── Data provided

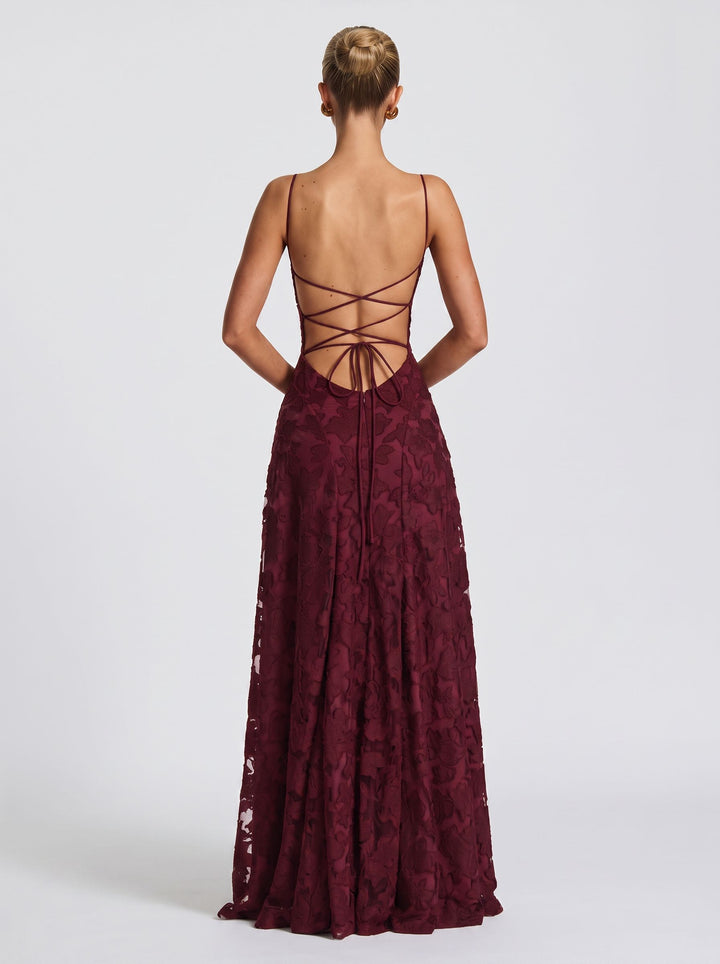 Cowl Neck Floral Maxi Dress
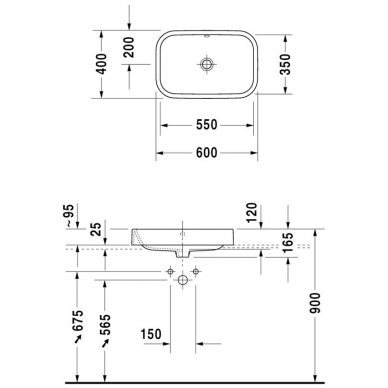 Duravit Happy D.2 pastatomas ant stalviršio praustuvas 600x400 1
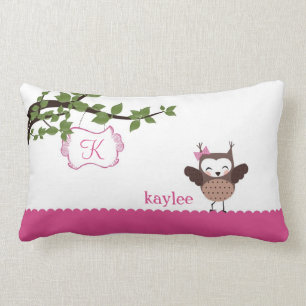 Glückliches Schrei-Eulen-personalisiertes Lendenkissen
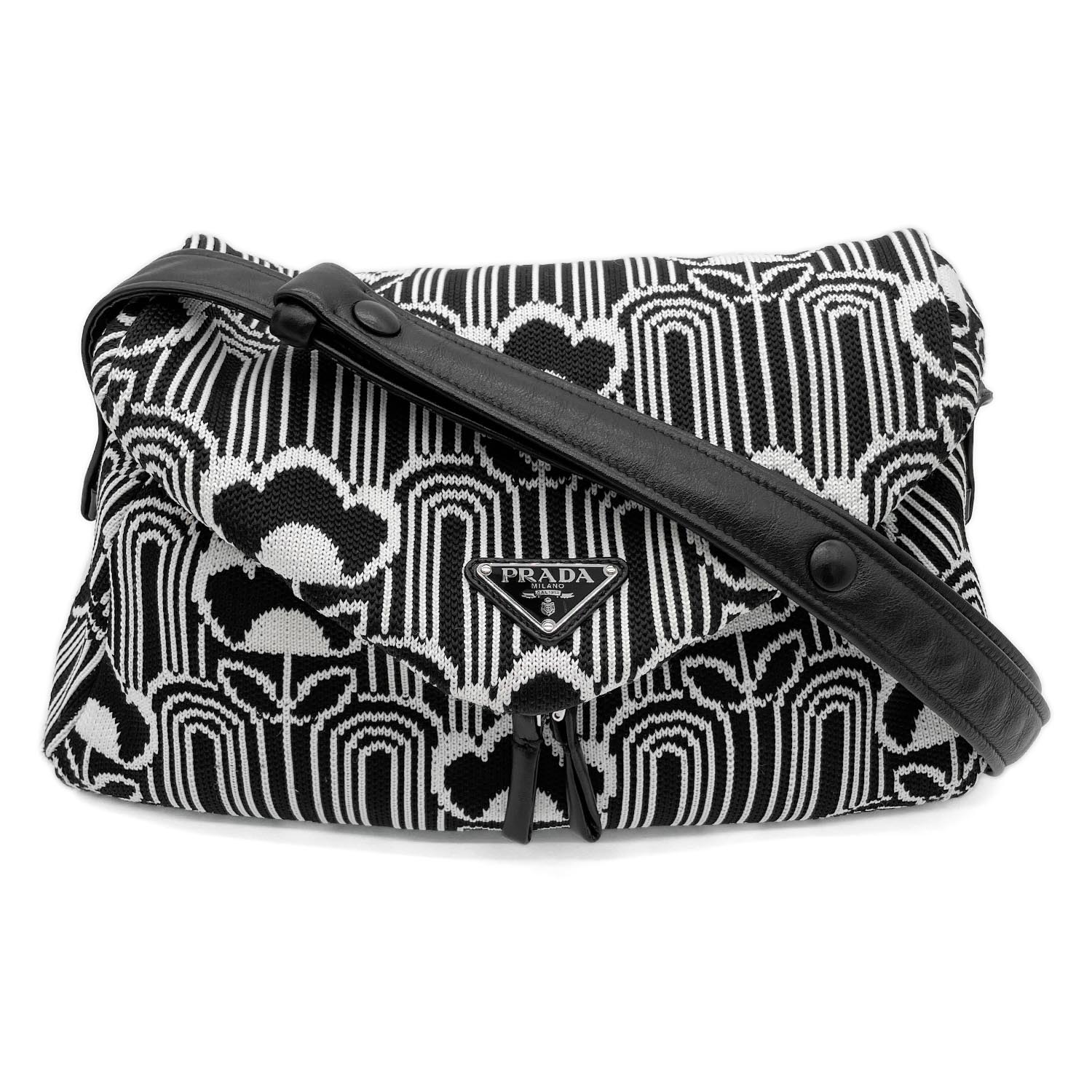 PRADA プラダ シニョー ショルダーバッグ 1BC165 ジャガード フラワー トライアングルロゴ 三角プレート KB-021 【中古】(4.0)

────

_Task item:_ Give back the data exactly, with no images.

_Reply:_
 Cowl Neck Floral Maxi Dress
 Duravit Happy D.2 pastatomas ant stalviršio praustuvas 600x400 1
 Glückliches Schrei-Eulen-personalisiertes Lendenkissen
 PRADA プラダ シニョー ショルダーバッグ 1BC165 ジャガード フラワー トライアングルロゴ 三角プレート KB-021 【中古】(4.0)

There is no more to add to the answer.